Wednesday, November 02, 2011

An Idea Whose Time Has Come - Capping Loan Payments

President Obama feels the pain of the poor college students who have taken out six-figure loans and are now expected to pay them back. Here's his proposal.
That’s why we’re making changes that will give about 1.6 million students the ability to cap their loan payments at 10 percent of their income starting next year.
I like this idea and think it needs to be extended to other areas as well. How about these:
  • We will give you the ability to cap your tax payments to 10 percent of your income.

  • We will give you the ability to cap your house payments to 10 percent of your income.

  • We will give you the ability to cap your car payments to 10 percent of your income.
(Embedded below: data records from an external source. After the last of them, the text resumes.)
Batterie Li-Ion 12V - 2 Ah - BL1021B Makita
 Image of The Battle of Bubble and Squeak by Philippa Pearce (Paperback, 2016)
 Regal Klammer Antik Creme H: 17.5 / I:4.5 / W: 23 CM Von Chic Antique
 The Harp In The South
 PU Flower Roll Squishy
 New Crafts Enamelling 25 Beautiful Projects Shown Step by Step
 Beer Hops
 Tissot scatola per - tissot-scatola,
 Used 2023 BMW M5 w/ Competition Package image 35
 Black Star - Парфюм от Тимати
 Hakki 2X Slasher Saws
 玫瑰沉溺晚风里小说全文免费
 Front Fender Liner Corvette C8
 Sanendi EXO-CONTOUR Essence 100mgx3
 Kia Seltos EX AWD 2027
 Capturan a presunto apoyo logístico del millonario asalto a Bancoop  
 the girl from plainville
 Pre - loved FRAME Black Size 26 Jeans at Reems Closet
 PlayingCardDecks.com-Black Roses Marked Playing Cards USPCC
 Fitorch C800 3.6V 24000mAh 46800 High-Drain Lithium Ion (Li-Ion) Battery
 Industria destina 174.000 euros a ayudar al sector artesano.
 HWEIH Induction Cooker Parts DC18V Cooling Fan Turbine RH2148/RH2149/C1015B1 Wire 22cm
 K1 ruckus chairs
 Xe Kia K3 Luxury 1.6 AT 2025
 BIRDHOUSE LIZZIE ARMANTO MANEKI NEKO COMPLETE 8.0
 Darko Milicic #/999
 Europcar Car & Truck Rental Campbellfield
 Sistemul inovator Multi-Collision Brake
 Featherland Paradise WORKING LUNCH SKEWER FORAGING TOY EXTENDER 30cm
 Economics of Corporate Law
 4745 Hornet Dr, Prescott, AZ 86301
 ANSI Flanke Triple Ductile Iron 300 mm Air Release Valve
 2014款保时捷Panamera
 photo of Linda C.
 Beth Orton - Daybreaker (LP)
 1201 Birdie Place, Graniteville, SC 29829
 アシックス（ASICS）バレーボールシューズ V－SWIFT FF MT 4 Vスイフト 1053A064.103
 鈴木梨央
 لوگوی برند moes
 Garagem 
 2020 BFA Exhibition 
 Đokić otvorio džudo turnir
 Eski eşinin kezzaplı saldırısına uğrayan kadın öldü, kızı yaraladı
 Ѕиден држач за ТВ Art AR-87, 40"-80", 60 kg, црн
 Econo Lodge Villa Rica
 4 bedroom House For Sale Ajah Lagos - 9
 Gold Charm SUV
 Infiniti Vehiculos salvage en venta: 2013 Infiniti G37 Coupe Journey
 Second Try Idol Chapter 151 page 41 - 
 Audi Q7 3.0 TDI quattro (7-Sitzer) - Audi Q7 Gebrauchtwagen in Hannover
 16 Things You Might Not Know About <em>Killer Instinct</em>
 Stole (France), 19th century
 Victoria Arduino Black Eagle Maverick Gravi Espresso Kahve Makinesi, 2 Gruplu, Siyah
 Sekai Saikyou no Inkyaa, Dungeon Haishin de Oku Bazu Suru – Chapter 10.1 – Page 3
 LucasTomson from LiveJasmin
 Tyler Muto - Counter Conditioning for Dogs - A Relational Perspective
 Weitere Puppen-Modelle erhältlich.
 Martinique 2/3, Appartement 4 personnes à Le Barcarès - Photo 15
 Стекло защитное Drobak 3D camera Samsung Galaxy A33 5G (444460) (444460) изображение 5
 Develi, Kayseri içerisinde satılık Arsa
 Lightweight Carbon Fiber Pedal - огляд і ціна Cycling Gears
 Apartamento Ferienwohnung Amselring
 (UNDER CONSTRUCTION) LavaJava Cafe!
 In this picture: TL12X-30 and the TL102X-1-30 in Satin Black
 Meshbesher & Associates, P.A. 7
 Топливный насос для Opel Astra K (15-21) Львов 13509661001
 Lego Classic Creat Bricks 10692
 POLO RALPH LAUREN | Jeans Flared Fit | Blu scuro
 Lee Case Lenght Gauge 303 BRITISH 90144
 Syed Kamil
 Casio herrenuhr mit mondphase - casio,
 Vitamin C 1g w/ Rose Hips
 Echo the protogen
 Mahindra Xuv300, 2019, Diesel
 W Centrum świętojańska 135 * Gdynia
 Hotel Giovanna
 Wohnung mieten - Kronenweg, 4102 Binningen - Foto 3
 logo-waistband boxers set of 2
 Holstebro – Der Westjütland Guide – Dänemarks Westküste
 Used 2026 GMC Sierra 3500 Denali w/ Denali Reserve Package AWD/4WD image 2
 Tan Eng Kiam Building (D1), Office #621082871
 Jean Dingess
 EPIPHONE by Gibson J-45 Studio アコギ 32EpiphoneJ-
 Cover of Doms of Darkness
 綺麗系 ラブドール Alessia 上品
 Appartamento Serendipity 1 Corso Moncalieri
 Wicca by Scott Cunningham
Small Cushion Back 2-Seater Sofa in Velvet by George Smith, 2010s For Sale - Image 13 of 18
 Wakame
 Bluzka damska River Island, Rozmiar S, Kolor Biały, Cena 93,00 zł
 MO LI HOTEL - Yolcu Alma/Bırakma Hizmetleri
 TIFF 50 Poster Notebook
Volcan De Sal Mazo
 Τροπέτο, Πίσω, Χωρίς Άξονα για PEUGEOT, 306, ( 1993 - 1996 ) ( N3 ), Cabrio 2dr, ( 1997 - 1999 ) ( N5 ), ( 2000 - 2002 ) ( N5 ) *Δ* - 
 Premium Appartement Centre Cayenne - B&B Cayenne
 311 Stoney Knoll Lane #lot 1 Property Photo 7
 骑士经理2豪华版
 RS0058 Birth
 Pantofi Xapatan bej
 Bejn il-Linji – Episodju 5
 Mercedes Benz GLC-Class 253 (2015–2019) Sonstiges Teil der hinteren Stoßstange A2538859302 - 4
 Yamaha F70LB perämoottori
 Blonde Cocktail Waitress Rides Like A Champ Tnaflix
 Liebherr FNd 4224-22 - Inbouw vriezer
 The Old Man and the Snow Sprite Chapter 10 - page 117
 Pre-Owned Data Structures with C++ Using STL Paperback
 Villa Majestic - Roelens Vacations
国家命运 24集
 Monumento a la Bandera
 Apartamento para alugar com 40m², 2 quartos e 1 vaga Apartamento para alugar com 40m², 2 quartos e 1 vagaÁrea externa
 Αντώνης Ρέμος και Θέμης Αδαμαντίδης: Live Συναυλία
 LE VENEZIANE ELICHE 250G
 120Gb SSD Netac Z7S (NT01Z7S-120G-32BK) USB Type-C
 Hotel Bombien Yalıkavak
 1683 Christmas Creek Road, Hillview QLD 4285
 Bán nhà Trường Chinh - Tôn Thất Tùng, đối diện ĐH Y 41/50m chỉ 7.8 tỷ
  • We will give you the ability to cap your credit card payments to 10 percent of your income.
I think this will get America working again. After all, if we do this, I can afford a $2.5M home, a Lotus Exige and $350,000 in credit card debt. Talk about throwing the economy into high gear! Pass this bill, Mr. Heartless Republican Plutocrat Homophobe Racist!

A Lotus Exige. We can't wait!

8 comments:

tim eisele said...

I just saw an article about this in The Economist this morning. It said that the student loans are already capped at 15% of income. So this isn't so much a new policy, as it is shifting the numbers on an old policy.

Secular Apostate said...

If you replace every "10 percent" in KT's post with "15%", you still get the same point. Which, by the way, is correct... to wit:

Student "loans" are not loans at all. They are welfare payments to entice young people to eschew the workplace for a decade and to support tenured Professors of of Nitwittery and their feckless graduate students.

tim eisele said...

Well yes, I'm not saying it isn't a misguided idea. I'm saying it isn't new, and has been going on for a while now with nobody much noticing.

K T Cat said...

For me, just writing that list illustrated the problem with the idea. It allows you set payments well below a normal repayment rate. Repayment is what renews a lender's ability to make new loans. There's no concern at all for the lender, only for the recipient. The end result is that, once again we spend the future in an attempt to cling to a childish worldview.

Dean said...

Pass the bill?

Wasn't this going to be just another one of the (P)resident's We-can't-wait executive orders?

K T Cat said...

Outstanding! All I need is a stroke of his pen and I can have my Lotus Exige!

Mostly Nothing said...

As a parent of 2 teen age boys.... Can we cap our food payments at 10%?

K T Cat said...

Why not? Let's cap everything at 10%!